Language learning built for two: a new platform for online tandems

The EUniTa team at a meeting in Florence

The EUniTa team at a meeting in Florence

William Bromberg, Àrea de Llengües Estrangeres

As language teachers, we always strive to encourage our students to use language in as “authentic” a way as possible, but we are constantly faced with the limitations of a classroom setting with all its attendant “artificiality”. This is one reason why I believe learners have so much to gain from engaging with the language and culture they are studying in other ways, outside the classroom and away from the dynamics of a student-teacher relationship. Both as a language learner and as a teacher, I have found language tandems to be a great means of accomplishing this.  This is why I am especially pleased to have joined three other Blanquerna faculty members (Dr. Lidia Montero, Dr. Caterina Riba and Helen Ruiz), all of us also members of Blanquerna’s Research Group CILCEAL (Interlinguistic and Intercultural Competence in Language Teaching and Learning) , in working on the EUniTa (European University Tandem) project.

The aim of this EU-funded Erasmus + project is to create a platform that will make possible online exchanges among speakers of different languages. The platform’s users will soon be able to connect via online video chat with students and faculty from the six other participating universities, located in Germany, France, the UK and Italy. Users will be able to collaborate with fellow students or colleagues from other universities, helping one another in the language learning process and forging connections. The platform could later expand to include other universities, and it will be a valuable model for other schools and educational institutions who want to give their students the chance to benefit from online tandems.
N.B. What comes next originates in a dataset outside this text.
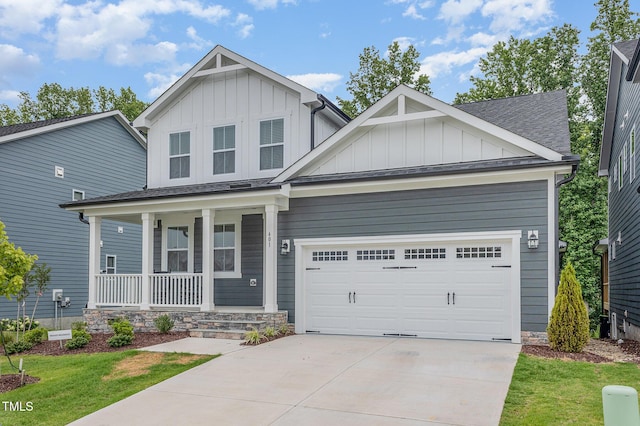 view of front of home with a shingled roof, covered porch, concrete driveway, board and batten siding, and a garage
Here, I would like to include a few words about language tandems in general. In a tandem context, each partner acts both as a learner of the foreign language and as a tutor of (what is usually) his or her mother tongue. Although they are not quite “normal” social situations, tandems do represent an opportunity for learners to truly use the language they are studying in an authentic social context, one in which they will be forced to meet real communication needs that are bound to arise. My own experience as a tandem participant as an American study abroad student in Spain was more than enough to convince me that the need to bridge these real communication gaps can be a great source of motivation.

The reciprocal nature of the relationship involved in a language tandem is another element that appealed to me as a student, and I think it fits nicely with some of our evolving goals as 21st century educators, especially when it comes to intercultural competency. The two partners, and the two languages, enter on equal footing, and a tandem is by its very nature a joint undertaking with someone from another culture, one that calls for negotiation and collaboration. This is why I believe that as much as a language learning tool, the EUniTa platform is a means of intercultural exchange. Among the chief research lines of the CILCEAL research group is “additional language learning in an intercultural and plurilingual context as a factor of social integration”. The chance to help shape such a learning context for students around Europe is an exciting one.
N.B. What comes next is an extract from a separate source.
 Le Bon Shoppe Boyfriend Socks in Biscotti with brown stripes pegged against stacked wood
Equally exciting has been the process of working with language learning experts from around Europe. It is true that as an experienced language teacher I have been able to bring to bear on the project my classroom experience and my knowledge of how to get students talking and engaged, and how to incorporate authentic online materials as part of the learning process. However, I think I can speak for my research group colleagues to say that we are benefitting greatly from the experience of working on this team of professionals, some of whom are responsible for overseeing tandem programmes for hundreds of students and coordinating foreign language programmes for large universities. I like to imagine that the when the platform is launched, it will spur users to embrace the very same spirit of international exchange that has driven us in its design.
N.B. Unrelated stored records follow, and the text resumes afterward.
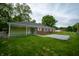 This backyard offers a covered patio space, brick exterior, and gravel area perfect for outdoor enjoyment at 3457 W 58Th St, Indianapolis, IN 46228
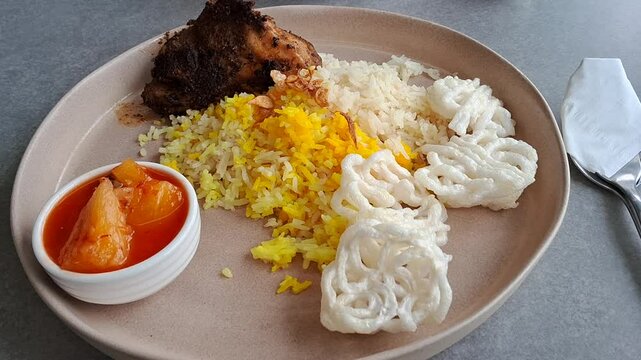 Basmati rice with grilled chicken, crackers, and fermented pinneaple 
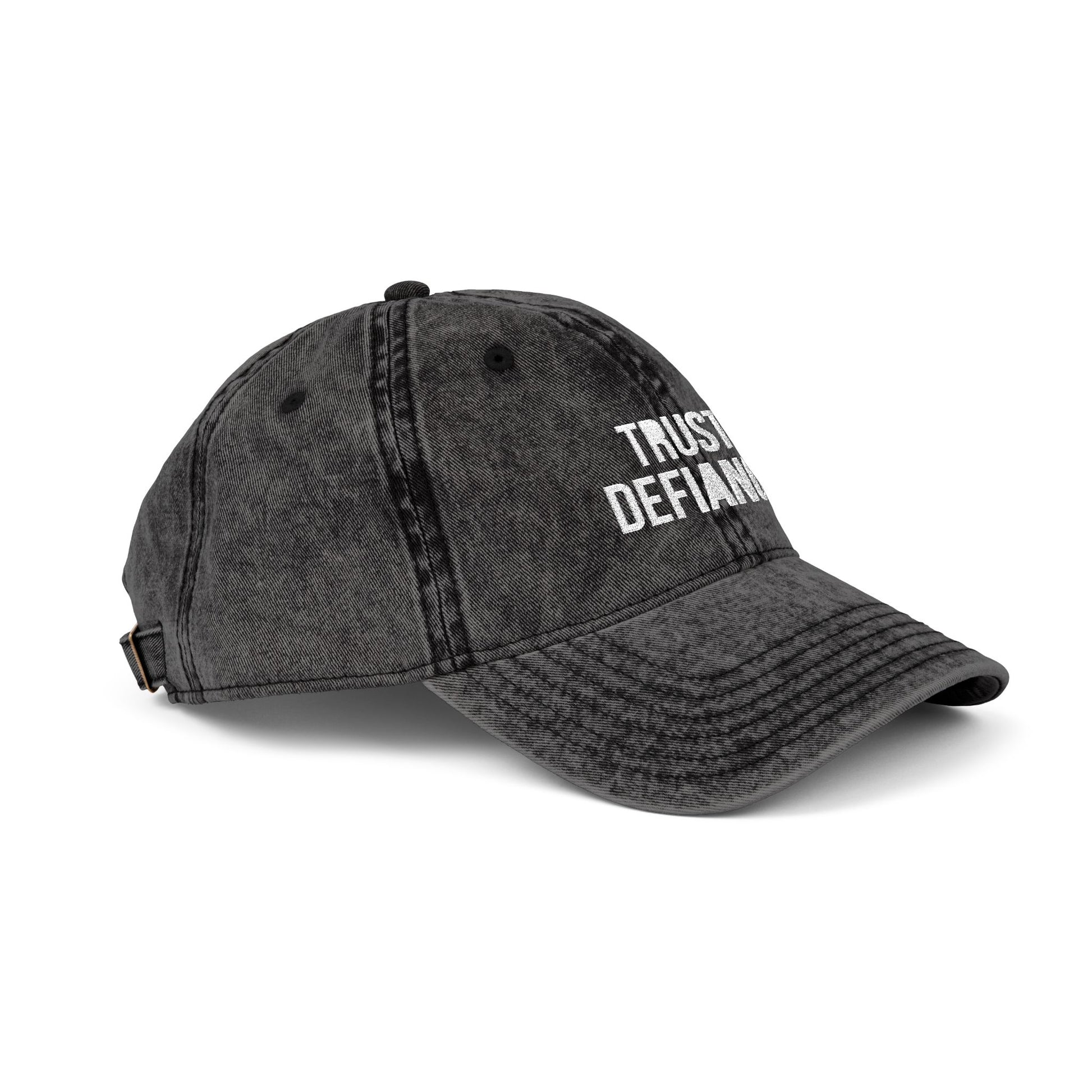 Black denim cap with 'TRUST DEFIANC' text on a white background side view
It often happens that language learners who may be interested in having a regular tandem partner are unable to find anyone locally for an in-person exchange. The EUniTa team were far from the first to note this problem, and several existing (and some now defunct) services have tried to cater to this latent demand by providing online exchanges. This new platform, however, aims to stand apart in a few ways. Firstly, it will feature a range of content designed to stimulate exchanges and fuel language learning, and it will include activities aimed at prompting users to practice not only everyday language (Basic Interpersonal Communication Skills- BICS), but also academic and professional communication (Cognitive Academic Language Proficiency- CALP). We hope that the breadth, quality, contemporary relevance and academic interest of the activities we are creating will go beyond what was offered by prior platforms. Secondly, it will use a customised algorithm to match each participant with the best possible tandem partner, based on interests, language level, time commitments and other factors. The experience and data we gather as the platform takes shape are sure to give us new insights, both into what makes an effective language tandem and more broadly into the fields of language learning and intercultural communication.